Qualcosa che in parte ha avvertito anche a Malaga, nei giorni della Davis, riportata in Italia dopo 47 anni.

La Davis è davvero particolare, perché ti fa vivere il clima di uno spogliatoio, il senso di unione di una squadra. È bello poter confrontarsi con i tuoi colleghi dopo un punto, e capire la loro opinione. Penso a Berrettini, il cui nome non è nell’albo d’oro della coppa che abbiamo vinto, ma che se ci fosse un modo per poterlo aggiungere ognuno di noi vorrebbe che ciò accadesse. Vederlo lì, seppur infortunato, rende l’idea di quanto fosse unito il nostro gruppo. E speriamo che sia solo l’inizio di una lunga scia di successi.

La vittoria a Toronto e il tabù Tiafoe infranto a Vienna

Nella chiacchierata Sinner ha ripercorso anche alcune tappe fondamentali e iconiche del suo 2023. Dal punto nel match perso a Miami contro Alcaraz fino al primo Masters 100 vinto (a Toronto), passando per le vittorie contro Medvedev a Pechino e Vienna e quella contro la bestia nera Tiafoe.

Del match con Alcaraz ricordo di aver perso, ma ricordo anche che dopo la partita tutti parlavano di quel punto che avevo realizzato, segno che devo aver fatto qualcosa di veramente eccezionale… vincere a Toronto invece è stata una piccola liberazione: venivo da due Master 1000 persi in finale, ma è soltanto dopo aver vinto un torneo così importante che capisci la differenza che c’è tra vincere e arrivare secondo.
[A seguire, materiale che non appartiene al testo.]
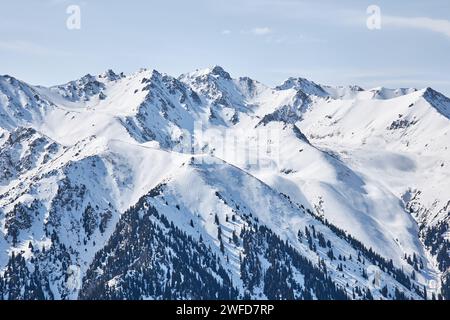 Vista panoramica dalla cima della pista sulle alte montagne innevate. Stazione sciistica di Karakol in Kirghizistan. Paesaggio naturale invernale, catena montuosa Foto Stock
La vittoria a Vienna contro Tiafoe è stata un altro passaggio chiave: l’anno prima avevo servito per il match, ma mi ero fatto prendere dal nervosismo e finii per perdere un match che avevo in tasca. Col mio team abbiamo lavorato anche su questo aspetto: se perdo la concentrazione, devo essere bravo a ritrovarla subito. Pensare con la mia testa, non con quella degli altri.

Le imprese contro Djokovic, l’inizio di una nuova vita

Impossibile non chiudere il cerchio con le due vittorie ottenute contro Djokovic, la prima a Torino e la seconda (annullando tre match point) in Davis.

La prima è stata speciale, anche perché giocare e vincere davanti al pubblico italiano è stato incredibile. In Davis sapevamo di avere una grande chance, con la Spagna out e la Russia esclusa. Aver potuto annullare tre match point con le palle nuove è stato fondamentale, e sapevo di avere questa carta da giocare. La nostra Davis è stata complessa, sempre a rincorrere sin dalla tappa di Bologna. Ma alla fine abbiamo scoperto strada facendo che sta venendo fuori qualcosa di unico, ed è stato bello chiudere in gloria contro l’Australia.

La terra dove riaccendere i sogni, puntando (stavolta si) a scrivere il proprio nome anche su un torneo dello slam.